Love that solo. Been trying to get that tone and those bends for a while. 

Is he using an ENGL for that ?


----------



## amonb (Nov 16, 2007)

WTF?


----------



## Rick (Nov 16, 2007)

rahul_mukerji said:


> Love that solo. Been trying to get that tone and those bends for a while.
> 
> Is he using an ENGL for that ?



I think it was a Crate.


----------



## Blexican (Nov 16, 2007)

Classic.


----------



## poisonelvis (Nov 16, 2007)

side note,i am now taking lessons from fred,100.00 bucks an hour,man am i stoked!!!


----------



## ZeroSignal (Nov 16, 2007)

Dude wtf?


----------



## TomAwesome (Nov 16, 2007)

Hah, I saw that some time ago. Funny stuff.


----------



## eleven59 (Nov 16, 2007)

poisonelvis said:


> side note,i am now taking lessons from fred,100.00 bucks an hour,man am i stoked!!!
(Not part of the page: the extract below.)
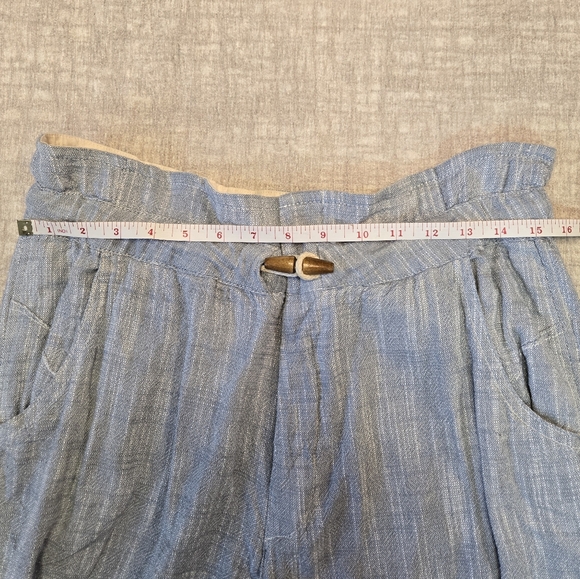 Light Blue Free People Paper Bag Linen Blend Pants Size M - Picture 7 of 12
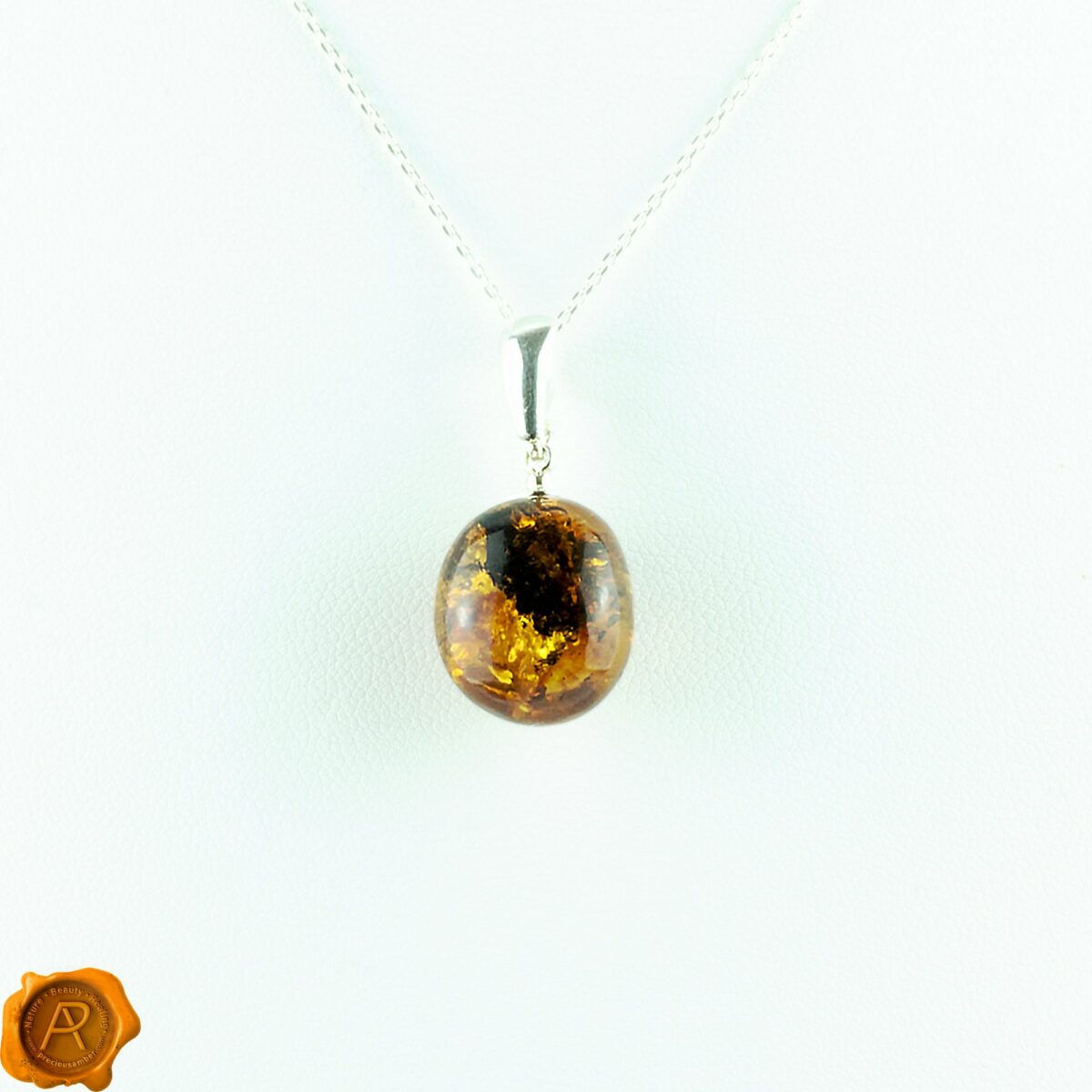 Earthy Amber Olive Silver Charm - Image 5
Oh yeah, well he said he'd sell me that guitar for $400,000 and it'll come with some stickers, posters, a t-shirt, and oral sex.


----------



## TomAwesome (Nov 16, 2007)

eleven59 said:


> Oh yeah, well he said he'd sell me that guitar for $400,000 and it'll come with some stickers, posters, a t-shirt, and oral sex.



Will Fred be the one administering said oral sex?


----------



## Regor (Nov 16, 2007)

I find it funny that NOBODY IN THE WORLD realizes that he was copying Nigel Tufnel's guitar solo in Spinal Tap.

WATCH CLOSELY!!!


----------



## TomAwesome (Nov 16, 2007)

Regor said:


> I find it funny that NOBODY IN THE WORLD realizes that he was copying Nigel Tufnel's guitar solo in Spinal Tap.
> 
> WATCH CLOSELY!!!



I love that movie, but I've only seen it once or twice, so I don't remember details like that. If that's the case, I guess it's not so lame after all... though Fred himself is still pretty lame.


----------



## Psychoface (Nov 16, 2007)

TomAwesome said:


> I love that movie, but I've only seen it once or twice, so I don't remember details like that. If that's the case, I guess it's not so lame after all... though Fred himself is still pretty lame.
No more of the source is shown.